(Saved entries)
"""

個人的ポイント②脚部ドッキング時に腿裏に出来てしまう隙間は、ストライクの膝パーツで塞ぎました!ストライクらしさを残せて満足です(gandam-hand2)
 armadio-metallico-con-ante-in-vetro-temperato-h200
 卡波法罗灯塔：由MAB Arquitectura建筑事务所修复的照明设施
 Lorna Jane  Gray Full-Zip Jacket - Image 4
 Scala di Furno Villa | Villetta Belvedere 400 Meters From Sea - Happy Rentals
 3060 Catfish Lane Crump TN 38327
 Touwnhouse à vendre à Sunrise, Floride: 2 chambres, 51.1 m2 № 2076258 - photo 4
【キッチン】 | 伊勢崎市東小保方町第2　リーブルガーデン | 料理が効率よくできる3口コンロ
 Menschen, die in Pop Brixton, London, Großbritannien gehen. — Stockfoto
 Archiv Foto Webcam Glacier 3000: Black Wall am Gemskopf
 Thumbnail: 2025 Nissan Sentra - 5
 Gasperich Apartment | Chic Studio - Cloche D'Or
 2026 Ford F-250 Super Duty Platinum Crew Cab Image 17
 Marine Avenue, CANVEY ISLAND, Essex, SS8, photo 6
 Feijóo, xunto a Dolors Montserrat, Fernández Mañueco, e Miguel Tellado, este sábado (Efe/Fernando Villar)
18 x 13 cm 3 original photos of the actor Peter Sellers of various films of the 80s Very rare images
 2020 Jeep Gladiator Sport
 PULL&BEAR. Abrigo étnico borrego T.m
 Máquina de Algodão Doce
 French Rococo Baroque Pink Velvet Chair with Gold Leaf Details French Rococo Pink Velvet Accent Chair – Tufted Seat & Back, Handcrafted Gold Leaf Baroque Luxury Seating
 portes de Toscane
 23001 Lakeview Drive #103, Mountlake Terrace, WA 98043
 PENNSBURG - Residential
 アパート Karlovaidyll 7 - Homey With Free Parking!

"""

All of the entries must be written out exactly as they stand.

個人的ポイント②脚部ドッキング時に腿裏に出来てしまう隙間は、ストライクの膝パーツで塞ぎました!ストライクらしさを残せて満足です(gandam-hand2)
 armadio-metallico-con-ante-in-vetro-temperato-h200
 卡波法罗灯塔：由MAB Arquitectura建筑事务所修复的照明设施
 Lorna Jane  Gray Full-Zip Jacket - Image 4
 Scala di Furno Villa | Villetta Belvedere 400 Meters From Sea - Happy Rentals
 3060 Catfish Lane Crump TN 38327
 Touwnhouse à vendre à Sunrise, Floride: 2 chambres, 51.1 m2 № 2076258 - photo 4
【キッチン】 | 伊勢崎市東小保方町第2　リーブルガーデン | 料理が効率よくできる3口コンロ
 Menschen, die in Pop Brixton, London, Großbritannien gehen. — Stockfoto
 Archiv Foto Webcam Glacier 3000: Black Wall am Gemskopf
 Thumbnail: 2025 Nissan Sentra - 5
 Gasperich Apartment | Chic Studio - Cloche D'Or
 2026 Ford F-250 Super Duty Platinum Crew Cab Image 17
 Marine Avenue, CANVEY ISLAND, Essex, SS8, photo 6
 Feijóo, xunto a Dolors Montserrat, Fernández Mañueco, e Miguel Tellado, este sábado (Efe/Fernando Villar)
18 x 13 cm 3 original photos of the actor Peter Sellers of various films of the 80s Very rare images
 2020 Jeep Gladiator Sport
 PULL&BEAR. Abrigo étnico borrego T.m
 Máquina de Algodão Doce
 French Rococo Baroque Pink Velvet Chair with Gold Leaf Details French Rococo Pink Velvet Accent Chair – Tufted Seat & Back, Handcrafted Gold Leaf Baroque Luxury Seating
 portes de Toscane
 23001 Lakeview Drive #103, Mountlake Terrace, WA 98043
 PENNSBURG - Residential
 アパート Karlovaidyll 7 - Homey With Free Parking!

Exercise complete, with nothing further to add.